While doing more investigation I found an interesting situation.

I have a 32 core (2 x 16 core Xeon) node with the 10 RTX cards where
all 10 cards have affinity to just one socket (cores 0-15 as shown
by 'nvidia-smi topo -m').  The current running jobs on it are
using 5 GPUS and 15 cores

# scontrol show node=rtx-04 | grep gres
    CfgTRES=cpu=32,mem=1546000M,billing=99,gres/gpu=10
    AllocTRES=cpu=15,mem=220G,gres/gpu=5

Checking /sys/fs/cgroup I see these jobs are using cores 0-14

# grep . /sys/fs/cgroup/cpuset/slurm/uid_*/job_*/cpuset.cpus
/sys/fs/cgroup/cpuset/slurm/uid_4181545/job_38409/cpuset.cpus:12-14
/sys/fs/cgroup/cpuset/slurm/uid_4181545/job_38670/cpuset.cpus:0-2
/sys/fs/cgroup/cpuset/slurm/uid_4181545/job_38673/cpuset.cpus:3-5
/sys/fs/cgroup/cpuset/slurm/uid_5829/job_49088/cpuset.cpus:9-11
/sys/fs/cgroup/cpuset/slurm/uid_8285/job_49048/cpuset.cpus:6-8

If I submit a job to rtx-04 asking for 1 core and 1 GPU the job runs
no problem and it uses core 15.  And then if I submit more jobs asking
for a GPU they run fine on core 16 and up.

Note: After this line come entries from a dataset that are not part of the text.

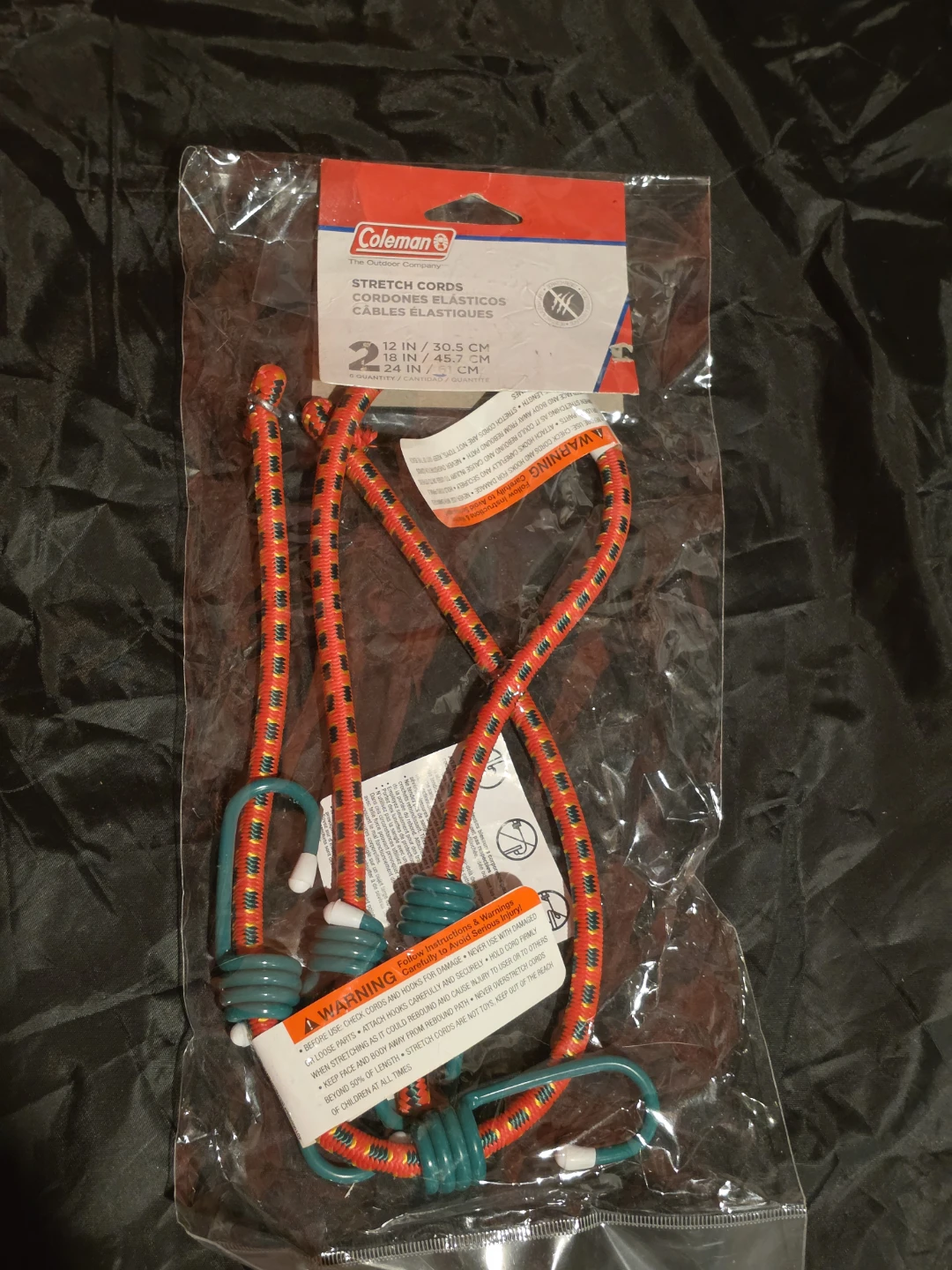 Coleman Stretch Cords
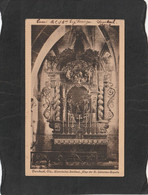 106519       Germania,  Dambach,  Els.,  Historisches  Denkmal,  Altar  Der  St.  Sebastian-Kapelle,   VGSB  1919 - Birkenfeld (Nahe)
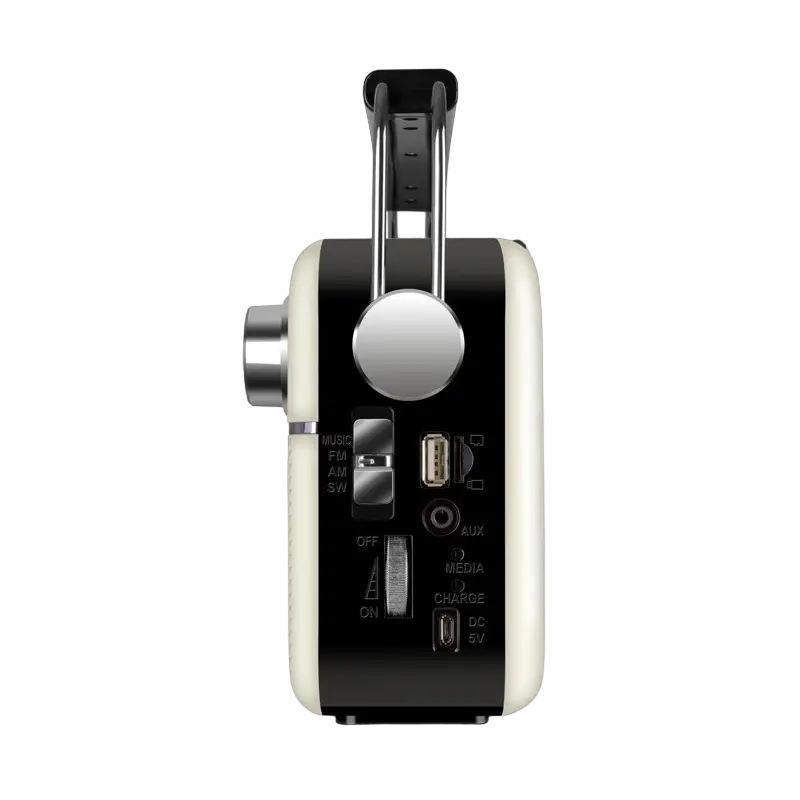 Портативное радио SVEN SRP-505 Белый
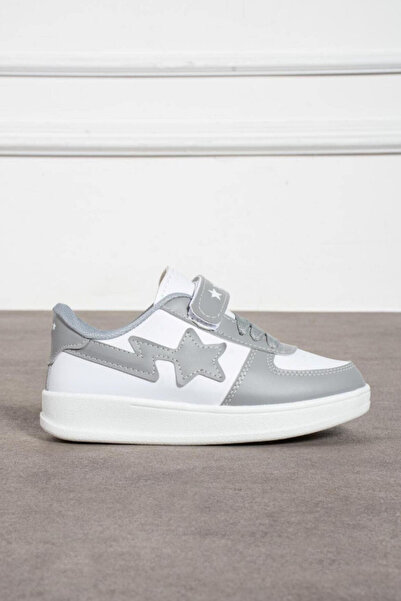 STOCON Unisex Sneaker - Sports Shoes | School Shoes | Comfortable and Comfortable Children's Stc1084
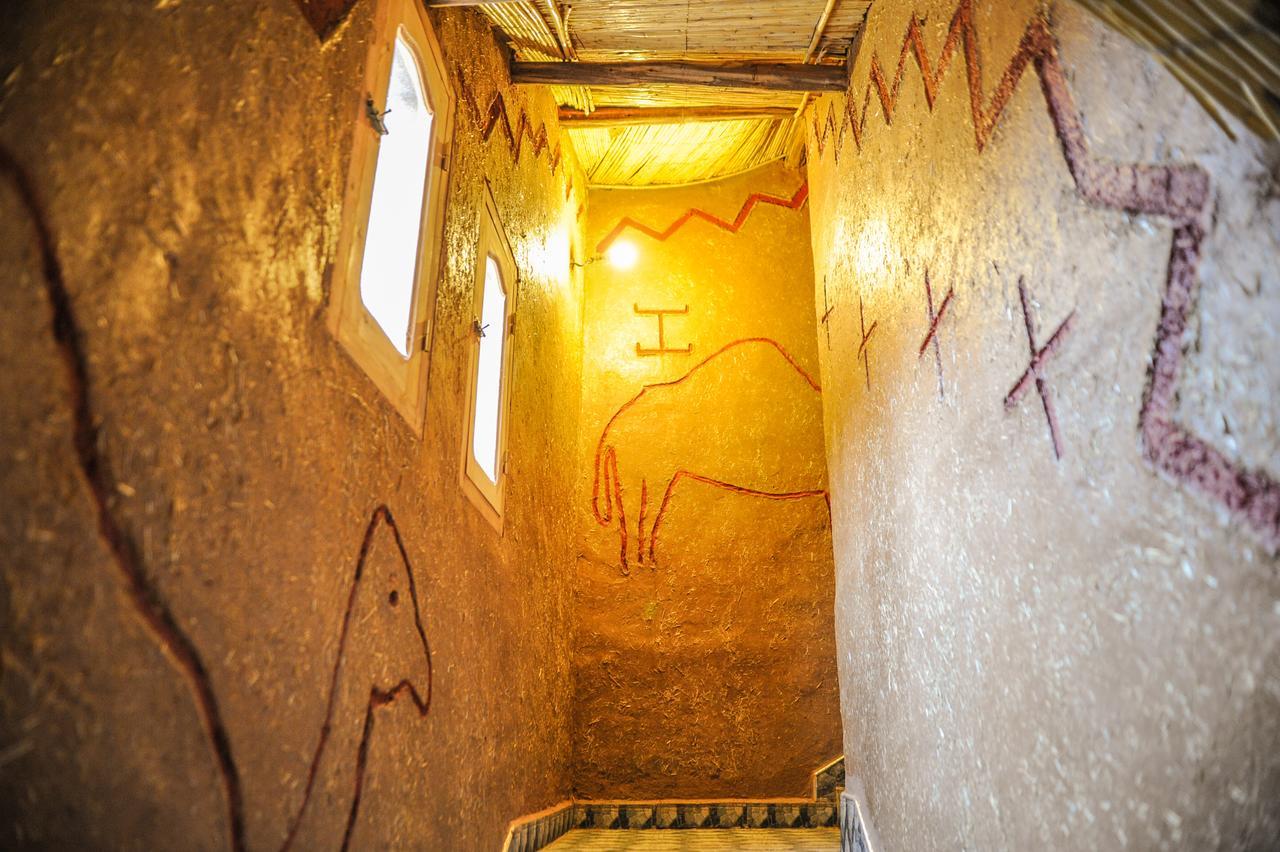 Auberge Hostel Traditionnel Tinghir Kültér fotó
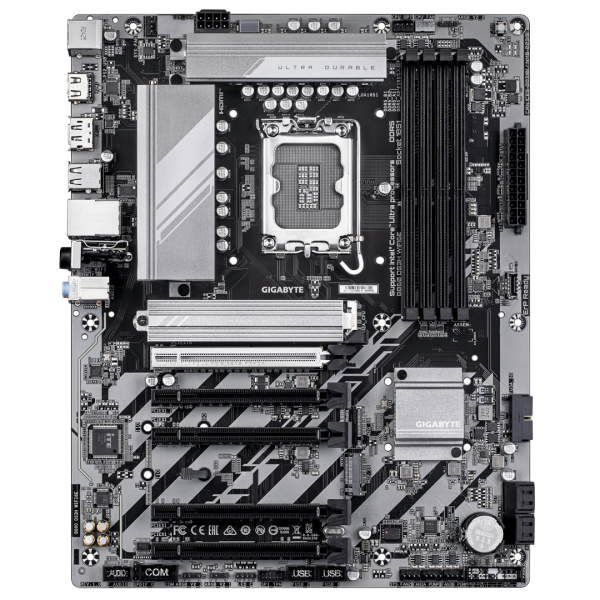 Placa de baza GIGABYTE B860 DS3H WIFI6E LGA1851 - imagine 3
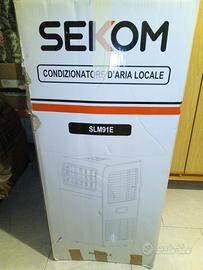Condizionatore portatile Sekom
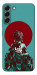 Чехол Demon slayer tanjiro для Galaxy S22+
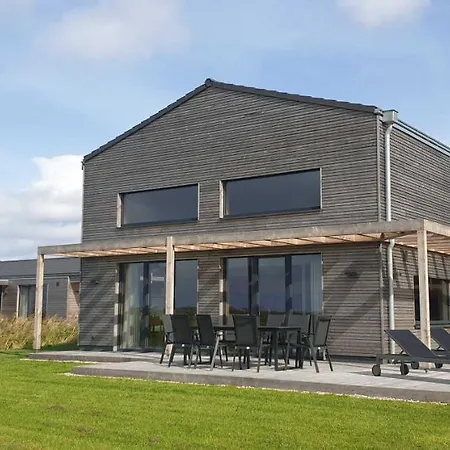 Gud Jard Nr 07 - Design-ferienhaus Mit Exklusiver Ausstattung Tatil Evi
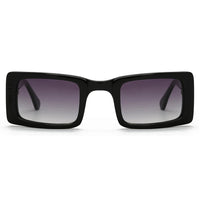 Cramilo Eyewear Sunglasses DAYTON | Unique Futuristic Unisex Postmodern Rectangle Square Sunglasses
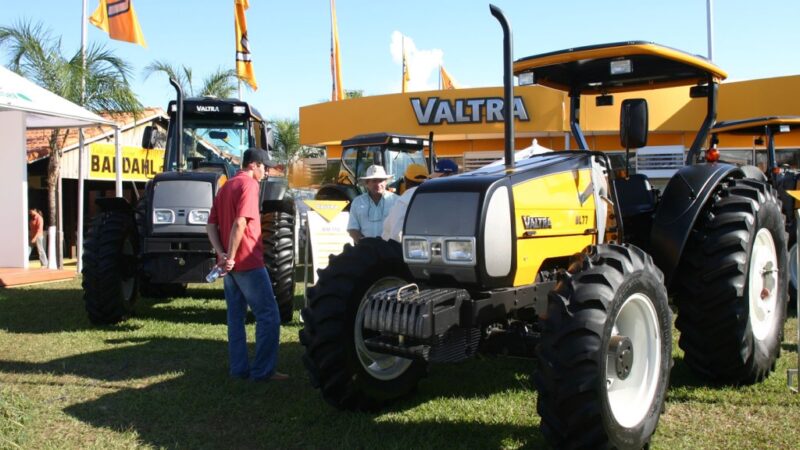 Mato Grosso vai sediar a 1ª Exposição Internacional de Máquinas Agrícolas da China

Now if I cancel my jobs so I am back to the jobs using 5 GPUS and 15 cores
and then submit a job asking for 2 cores and 1 GPU, the job
stays in Pending state and refused to run on rtx-04.

So before submitting any bug report I decided to upgrade to the latest SLURM 
version.  I upgraded from 20.02.03 to 20.11.3 (with those jobs still running 
on rtx-04) and now the problem has gone away.  I can submit a 2 core and 1 GPU 
job and it runs immediately.

So my problem seems fixed, but in the update I noticed a wierd thing happen.
Now SLURM insistes that the Cores in gres.conf must be set to Cores=0-31
even though 'nvidia-smi topo -m' still says 0-15.  I decided to just remove
the Cores= setting from /etc/slurm/gres.conf

So before the update slurmd.log has:

[2021-01-26T03:07:45.673] Gres Name=gpu Type=quadro_rtx_8000 Count=1 Index=0 
ID=7696487 File=/dev/nvidia0 Cores=0-15 CoreCnt=32 Links=-1,0,0,0,0,0,2,0,0,0

and after the update

[2021-01-26T14:31:47.282] Gres Name=gpu Type=quadro_rtx_8000 Count=1 Index=0 
ID=7696487 File=/dev/nvidia0 Cores=0-31 CoreCnt=32 Links=-1,0,0,0,0,0,2,0,0,0

This is fine with me as I want SLURM to ignore GPU affinity on these nodes
but it is curious.

-- Paul Raines (http://help.nmr.mgh.harvard.edu)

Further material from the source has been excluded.